In contrast to Experiment 1, the main effect of gaze/direction was not significant (F(1,31) = 0.902, p = .350; BF01 = 3.5). The main effect of motion was significant, with shorter RTs for moving stimuli (F(1, 31) = 32.10, p < .001, η2 = .046). None of the other effects were significant for RTs and error rates (all ps > .05).

We conducted an ANOVA on RTs with the additional between-subjects factor experiment (1, 2) to systematically test for differences between the gaze/direction effects for pictures of faces and arrows. Besides significant overall effects for gaze/direction (F(1, 61) = 60.31, p < .001, η2 = .022) and motion (F(1, 61) = 52.71, p < .001, η2 = .016), we found a significant gaze/direction × experiment interaction (F(1, 61) = 42.52, p = .001, η2 = .016), emphasizing the difference between magnitudes of the gaze/direction effect between naturalistic face stimuli and arrows. The three-way interaction effect of gaze/direction × motion × experiment was also significant (F(1, 61) = 6.75, p .012, η2 = .002). Because the two-way interaction of gaze/direction and motion was not even close to significance in either of the individual experiments, we refrained from further analyzing this interaction. No other effects were significant (all ps > .05).
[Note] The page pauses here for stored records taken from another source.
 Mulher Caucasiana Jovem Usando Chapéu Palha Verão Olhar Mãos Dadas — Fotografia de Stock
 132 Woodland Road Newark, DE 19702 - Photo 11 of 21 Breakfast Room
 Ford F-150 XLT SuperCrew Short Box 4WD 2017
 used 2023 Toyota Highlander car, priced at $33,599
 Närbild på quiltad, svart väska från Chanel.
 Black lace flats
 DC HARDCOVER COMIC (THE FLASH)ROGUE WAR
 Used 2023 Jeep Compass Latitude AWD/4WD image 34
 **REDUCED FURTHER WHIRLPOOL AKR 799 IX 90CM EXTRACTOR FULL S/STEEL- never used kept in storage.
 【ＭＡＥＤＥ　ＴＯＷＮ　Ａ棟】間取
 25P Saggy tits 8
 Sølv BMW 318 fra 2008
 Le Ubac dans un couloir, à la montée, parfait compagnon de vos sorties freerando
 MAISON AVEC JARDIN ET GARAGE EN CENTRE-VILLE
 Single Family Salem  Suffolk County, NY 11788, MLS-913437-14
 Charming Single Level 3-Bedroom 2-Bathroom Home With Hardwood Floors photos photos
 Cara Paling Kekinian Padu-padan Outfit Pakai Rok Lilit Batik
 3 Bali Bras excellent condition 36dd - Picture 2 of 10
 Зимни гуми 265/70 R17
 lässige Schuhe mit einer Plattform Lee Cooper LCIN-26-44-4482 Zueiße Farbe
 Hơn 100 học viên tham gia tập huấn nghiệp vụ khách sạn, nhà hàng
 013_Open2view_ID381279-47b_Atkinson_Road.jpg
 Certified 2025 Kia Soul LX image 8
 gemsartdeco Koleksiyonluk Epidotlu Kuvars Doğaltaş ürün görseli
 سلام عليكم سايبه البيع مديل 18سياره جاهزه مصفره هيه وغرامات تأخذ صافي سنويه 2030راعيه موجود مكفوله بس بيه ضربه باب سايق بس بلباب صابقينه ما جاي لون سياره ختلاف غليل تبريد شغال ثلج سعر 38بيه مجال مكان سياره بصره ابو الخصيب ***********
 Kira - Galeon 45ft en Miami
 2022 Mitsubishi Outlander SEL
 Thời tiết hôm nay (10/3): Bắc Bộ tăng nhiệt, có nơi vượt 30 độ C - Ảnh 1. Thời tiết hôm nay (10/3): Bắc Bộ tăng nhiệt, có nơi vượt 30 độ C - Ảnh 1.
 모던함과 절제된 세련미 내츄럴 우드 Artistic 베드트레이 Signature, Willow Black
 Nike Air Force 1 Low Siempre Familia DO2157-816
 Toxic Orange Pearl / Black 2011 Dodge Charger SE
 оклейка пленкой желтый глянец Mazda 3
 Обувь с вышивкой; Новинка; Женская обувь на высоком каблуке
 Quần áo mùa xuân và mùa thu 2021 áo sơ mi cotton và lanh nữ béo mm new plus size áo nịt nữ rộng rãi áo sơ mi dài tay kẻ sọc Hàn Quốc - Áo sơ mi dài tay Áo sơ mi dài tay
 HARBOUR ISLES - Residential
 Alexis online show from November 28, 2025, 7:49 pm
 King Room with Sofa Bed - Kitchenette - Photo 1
These results indicate that being pointed at by a directional symbolic stimulus such as an arrow does not capture attention.

Experiment 3: Schematic eyes

The main effect of gaze/direction was not significant (F (1,31) = 1.832, p = .186; BF01 = 2.36). We found a significant main effect of motion (F(1, 31) = 24.79, p < .001, η2 = .016), with faster RTs to targets appearing on moving stimuli. The gaze × motion interaction effect was significant (F(1, 31) = 6.49, p = .016, η2 = .002), with faster reactions to targets appearing on averted stimuli compared to direct stimuli in the static condition, but not in the sudden condition (static: t(31) = 2.504, p = .035; sudden: p = .802). No other effects were significant in RTs or error rates (all ps > .05).

The ANOVA with the additional between-subjects factor experiment (1, 3) revealed significant main effects of gaze (F(1, 63) = 42.27, p < .001, η2 = .013) and motion (F(1, 61) = 34.81, p < .001, η2 = .035) as well as a significant gaze × experiment interaction (F(1, 61) = 65.87, p = .001, η2 = .020), emphasizing the difference in the direct-gaze effect between real faces and schematic eyes. The three-way interaction of gaze × motion × experiment also reached significance (F(1, 61) = 9.44, p = .003, η2 = .002), reflecting the presence of a gaze × motion interaction for schematic eyes, which was absent for faces. No other effects were significant (all ps > .05).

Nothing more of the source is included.